When a big company, particularly a media conglomerate, acquires a startup, the startup’s employees tend to lose all incentive to perform. They’ve made their money, and even if they get AOL stock, or Gannet stock, or IAC stock, their actions and the success of their individual unit probably won’t move the needle on the conglomerate’s overall value.

Startups are by nature designed to directly incentivize employees through equity. Owning IAC, Gannet or AOL equity isn’t quite as exciting. The phenomenon is often blamed for the demise of many a great brands within a larger organization.

SecondMarket has a plan to change that for media companies. The private company shares marketplace is in the process of launching a product that allows conglomerates to better incentivize the members of its subsidiaries. It’s essentially a private company stock exchange which makes each subsidiary within the parent company liquid.

The way it works is the parent company assigns a value to the property, which needs to report its profits and losses (at least internally) as a standalone entity. SecondMarket sets up an exchange where the parent company owns all of the stock. It can then give it away to employees or sell even it to them. The parent company keeps the voting stock and controls the parameters. Outsiders can’t trade, but accredited members of other segments within the company can. MapQuest employees could buy Huffington Post stock, for example.

It’s particularly attractive to media and advertising holding companies because they, unlike tech companies, dont always fully integrate their acquired properties within the larger organization. This is necessary to set up a stock market based on one property. SecondMarket is in discussions with a number of large media conglomerates to implement the program but the conglomerates are–unsurprisingly–moving slowly. The timeline for launching at any company is a way out, the company’s reps Jeremy Smith and Mark Murphy told me.

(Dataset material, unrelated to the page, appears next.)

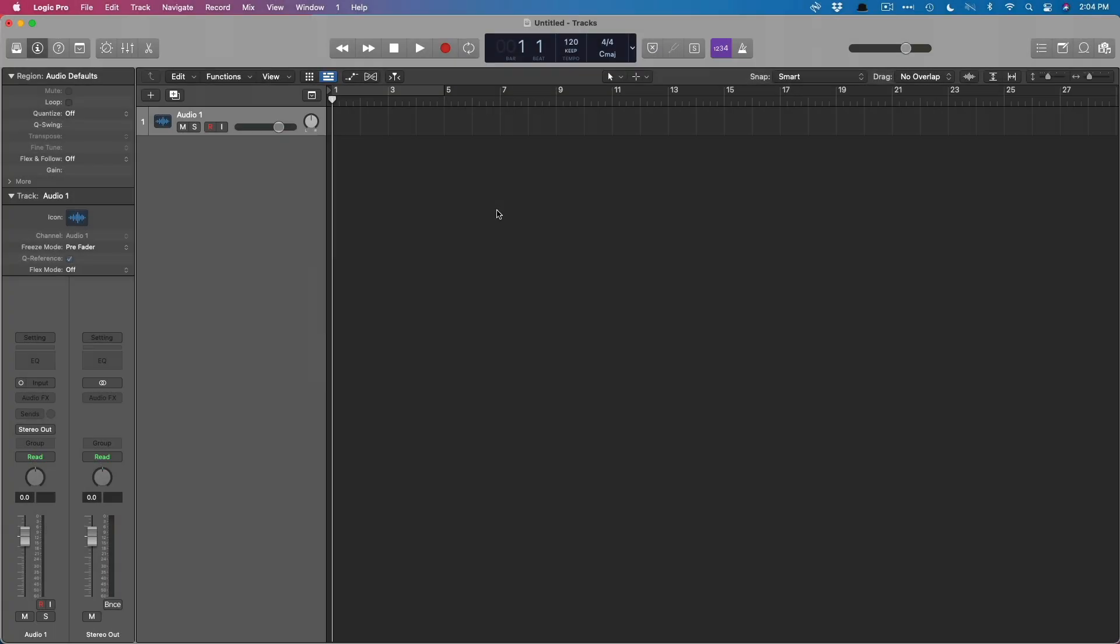Hey friend, Chris Vandeviver here from WhyLogicProRules.com, the website that helps you get the most you can out of Apple's Logic Pro. Today, let's talk all things plugins.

The product is a version of what asset manager PIMCO, part of a German life insurer Allianz secretly launched a year ago for its employees. Felix Salmon speculated at the time that Reddit was a candidate for the product as well:

SecondMarket has its eyes on companies like Pimco which are subsidiaries of larger companies but which still use their own equity as a recruitment and compensation tool. Reddit is one company which might try to price stock on SecondMarket, as a way of helping it attract talent and grow while still remaining a part of Conde Nast.

Conde Nast’s parent company Advance Publications isn’t public but I can imagine Reddit, which sold to Conde Nast in 2006 but spun itself out to parent co Advance Publications in 2011, would appreciate the available liquidity and upside to its own growth, valued clear and free of any flat performance from Conde Nast’s other old media publications.

SecondMarket reps explained that the media companies it’s in discussion with like the idea because it makes them more attractive acquirers to startups and new media companies that might see them as stodgy or stagnant. Plus, earnouts can be messy.